Last week US non-farm payrolls rose 263,000, comfortably above market forecasts of 190,000 and ahead of previous months. The tightness in the labour market also continued to drive wage growth, with average hourly earnings up 3.2% year on year, consistent with the previous month and ahead of inflation. However, headlines were grabbed by the sharp fall in the unemployment rate to 3.6% from 3.8%, marking a 49-year low. While the increase in employment clearly contributed to this figure, it was mostly impacted by nearly 500,000 people leaving the labour force. As this is particularly volatile month-on-month, it is difficult to read too much into the headline figure without understanding the underlying drivers.

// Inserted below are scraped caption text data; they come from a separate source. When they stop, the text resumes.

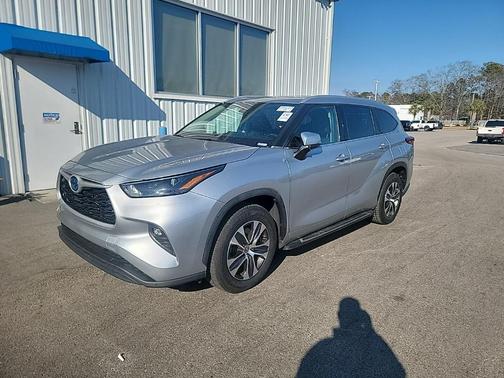 2022 Toyota Highlander Hybrid XLE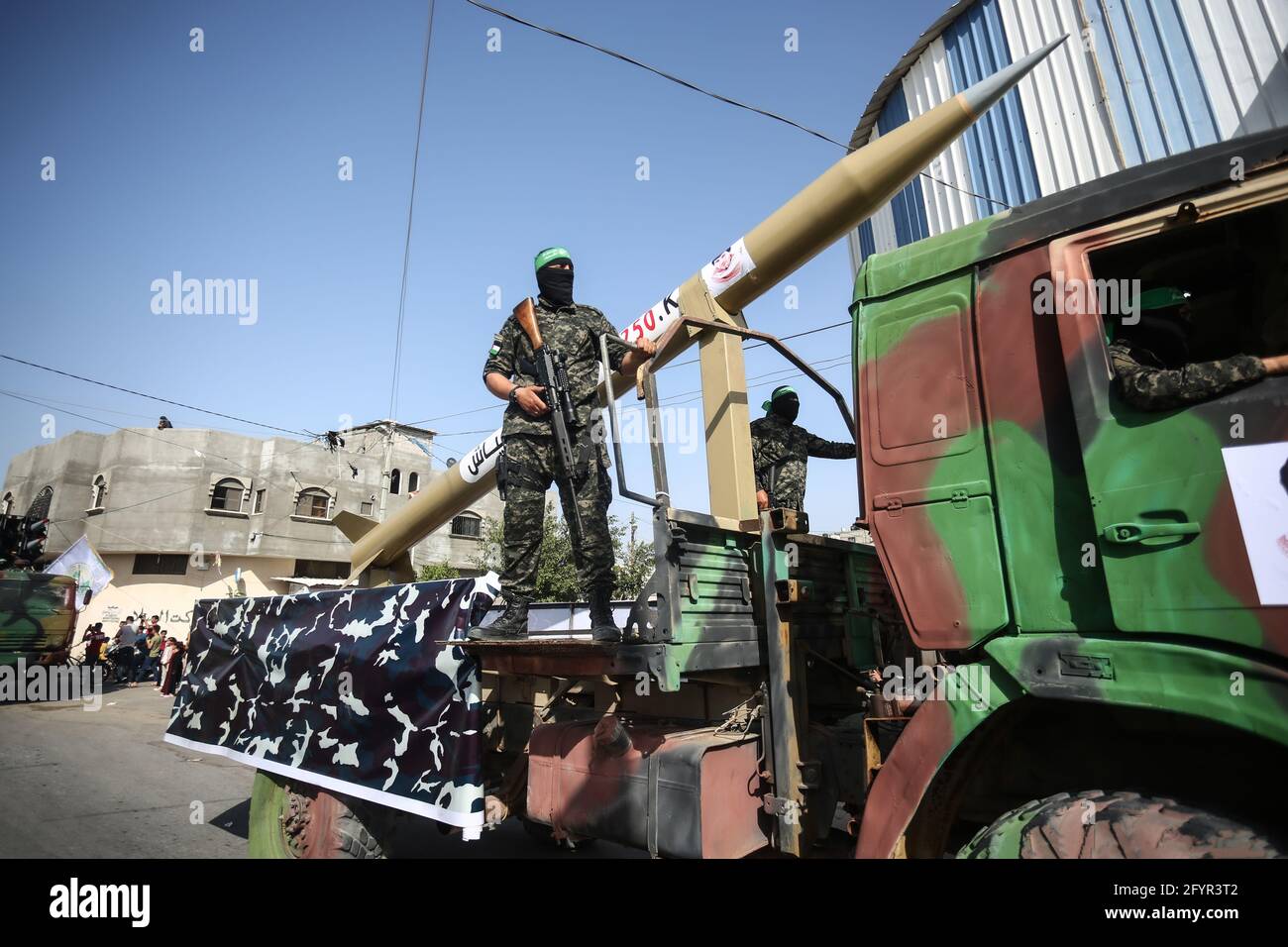 Gaza, Palestina. 29 maggio 2021. Gli attivisti mascherati delle Brigate di Izz al-DIN al-Qassam mostrano missili a lungo raggio durante una parata militare contro Israele nella città di Rafah, nella striscia di Gaza meridionale. Credit: SOPA Images Limited/Alamy Live News Foto Stock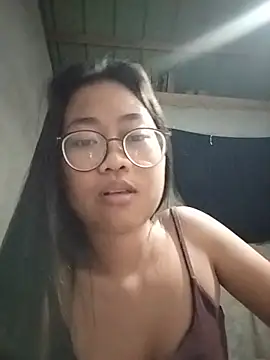 Snapshot of angelpinay44 chatting on July 19, 3:20 pm angelpinay44 online show from July 19, 3:20 pm
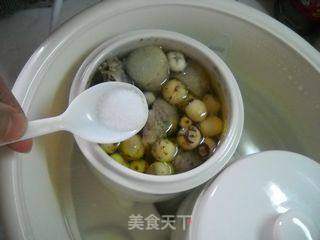 淮山芡实莲子柴鸡汤的做法步骤:14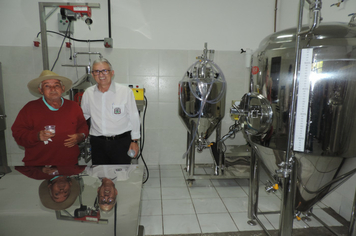 Foto - Administração Municipal inaugura agroindústria cervejeira em Pejuçara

Market observers will be closely watching future releases to determine if this is a new trend or a one-off.
Trade war returns
Markets were taken by surprise over the long weekend as Donald Trump announced that the US was planning to increase tariffs on $200bn of Chinese imports as early as Friday. US officials noted that there had been a breakdown in trade talks and accused China of reneging on prior commitments. Global markets had become comfortable in the expectation that an agreement was going to be reached at some stage and the threat of a breakdown has brought the issue back into the limelight. However, given previous episodes, the threat may be worse than the reality, and this is merely a negotiating tactic to extract final concessions from the Chinese.
Eurozone PMIs remain weak
Data released last week showed that the Eurozone economy continues to struggle. Purchasing Managers Indices (PMIs) for the European manufacturing sector were 47.8 in April. Anything below 50 indicates a contraction. The figure was dragged down by the dominant German economy which posted a 44.5 which was below expectations although above the previous month of 44.1. Nevertheless, the surveys pointed to an improving picture going forward as European producers are supported by a healthier global economy. The UK also saw a slight improvement in PMI data as the postponed Brexit date lifted some of the impending uncertainty from companies and individuals.